» EXERCISE
All of the entries below are to be copied word for word.

» DATA SUPPLIED
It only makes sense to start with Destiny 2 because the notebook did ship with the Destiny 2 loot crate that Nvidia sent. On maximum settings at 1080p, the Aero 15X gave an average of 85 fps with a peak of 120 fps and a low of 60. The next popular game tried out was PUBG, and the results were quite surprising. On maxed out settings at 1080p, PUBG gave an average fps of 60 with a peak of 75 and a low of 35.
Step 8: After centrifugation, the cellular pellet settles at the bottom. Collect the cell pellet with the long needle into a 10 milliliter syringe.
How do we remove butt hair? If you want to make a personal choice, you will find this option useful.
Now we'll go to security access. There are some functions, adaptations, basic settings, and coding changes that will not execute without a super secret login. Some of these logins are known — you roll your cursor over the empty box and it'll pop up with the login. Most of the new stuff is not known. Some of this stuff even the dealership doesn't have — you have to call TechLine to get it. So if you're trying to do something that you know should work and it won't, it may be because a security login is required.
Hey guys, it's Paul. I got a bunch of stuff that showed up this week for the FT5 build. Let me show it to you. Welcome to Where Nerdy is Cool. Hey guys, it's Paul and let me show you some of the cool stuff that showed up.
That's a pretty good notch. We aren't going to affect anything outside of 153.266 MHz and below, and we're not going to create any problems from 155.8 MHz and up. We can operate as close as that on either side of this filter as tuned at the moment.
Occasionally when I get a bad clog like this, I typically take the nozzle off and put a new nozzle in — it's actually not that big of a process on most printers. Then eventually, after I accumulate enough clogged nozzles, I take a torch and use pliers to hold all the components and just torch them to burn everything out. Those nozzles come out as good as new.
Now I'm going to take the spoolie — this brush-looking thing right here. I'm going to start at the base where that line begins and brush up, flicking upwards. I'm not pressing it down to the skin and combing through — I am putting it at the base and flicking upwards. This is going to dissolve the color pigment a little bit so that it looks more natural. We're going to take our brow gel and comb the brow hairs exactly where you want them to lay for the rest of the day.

» FINAL ANSWER
It only makes sense to start with Destiny 2 because the notebook did ship with the Destiny 2 loot crate that Nvidia sent. On maximum settings at 1080p, the Aero 15X gave an average of 85 fps with a peak of 120 fps and a low of 60. The next popular game tried out was PUBG, and the results were quite surprising. On maxed out settings at 1080p, PUBG gave an average fps of 60 with a peak of 75 and a low of 35.
Step 8: After centrifugation, the cellular pellet settles at the bottom. Collect the cell pellet with the long needle into a 10 milliliter syringe.
How do we remove butt hair? If you want to make a personal choice, you will find this option useful.
Now we'll go to security access. There are some functions, adaptations, basic settings, and coding changes that will not execute without a super secret login. Some of these logins are known — you roll your cursor over the empty box and it'll pop up with the login. Most of the new stuff is not known. Some of this stuff even the dealership doesn't have — you have to call TechLine to get it. So if you're trying to do something that you know should work and it won't, it may be because a security login is required.
Hey guys, it's Paul. I got a bunch of stuff that showed up this week for the FT5 build. Let me show it to you. Welcome to Where Nerdy is Cool. Hey guys, it's Paul and let me show you some of the cool stuff that showed up.
That's a pretty good notch. We aren't going to affect anything outside of 153.266 MHz and below, and we're not going to create any problems from 155.8 MHz and up. We can operate as close as that on either side of this filter as tuned at the moment.
Occasionally when I get a bad clog like this, I typically take the nozzle off and put a new nozzle in — it's actually not that big of a process on most printers. Then eventually, after I accumulate enough clogged nozzles, I take a torch and use pliers to hold all the components and just torch them to burn everything out. Those nozzles come out as good as new.
Now I'm going to take the spoolie — this brush-looking thing right here. I'm going to start at the base where that line begins and brush up, flicking upwards. I'm not pressing it down to the skin and combing through — I am putting it at the base and flicking upwards. This is going to dissolve the color pigment a little bit so that it looks more natural. We're going to take our brow gel and comb the brow hairs exactly where you want them to lay for the rest of the day.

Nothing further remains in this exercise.